What can you do? First, become engaged at your local church, district and annual conference levels. Call your leadership to account. Work for the election of orthodox, evangelical delegates to General Conference in your annual conference. Ensure that the lay delegates from your local church to annual conference support such a goal.
Second, be vigilant and prayerful during this season of waiting and watching. Remain informed. Ensure that others are well informed. Be prayerful, strategic and discerning in your giving to the local church. Ensure that its resources are only being deployed to support that which aligns with the orthodox, evangelical faith. Take those steps to ensure your personal giving is not used to support actions contrary to the will of the General Conference.
Third, remain unified. The WCA and its members have demonstrated the power of acting in concert. A very small number of churches have already left the UM Church. Many of them have elected to remain members of the WCA because they understand the value of connection, shared mission, and concerted action. Other churches may withdraw from the UM Church in the days to come. The WCA is facilitating a network for such churches so that they, along with churches that remain United Methodist, can work together to advance the historic Christian faith in the Wesleyan tradition. Now is the time to strengthen our unified actions by becoming a member of the WCA as individuals and as churches.
Finally, act together. The temptation exists to respond in the moment to events as they unfold. Our strength comes from coordinated action that is well thought out and strategically deployed. Grounded in unwavering faith in the Lord Jesus Christ and His call for us to be a people set apart, let us take up our cross. Let us run the race set before us with perseverance. Let us love boldly and unconditionally while we share with all the uncompromised truth of the Gospel and God’s plan for human flourishing.

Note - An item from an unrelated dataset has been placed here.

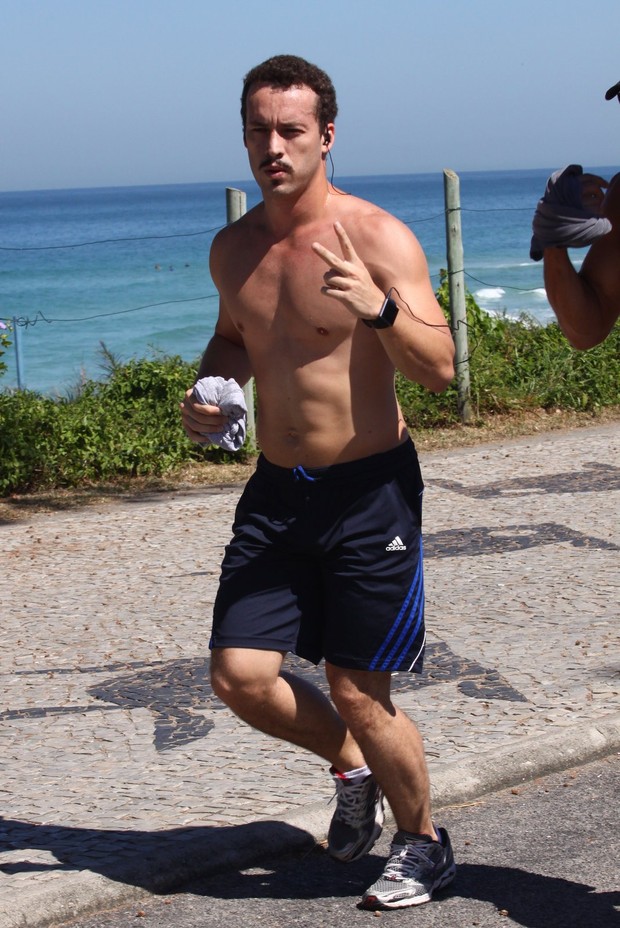 Rodrigo Andrade corre na orla da Barra (Foto: Jeferson Ribeiro / Foto Rio News)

Personally, I count it a great privilege to contend for the faith with each of you. Jesus said we would face adversity. We desire not the approval of others. Desperately dependent on God, we commit our path to the One who is the author and finisher of our faith, Jesus the Christ. Thank you for all the ways you have made a difference in the short history of our movement. With John Wesley, we affirm, “The best is yet to come.”
Rev. Keith Boyette is president of the Wesleyan Covenant Association and an ordained elder in the Virginia Conference of The United Methodist Church.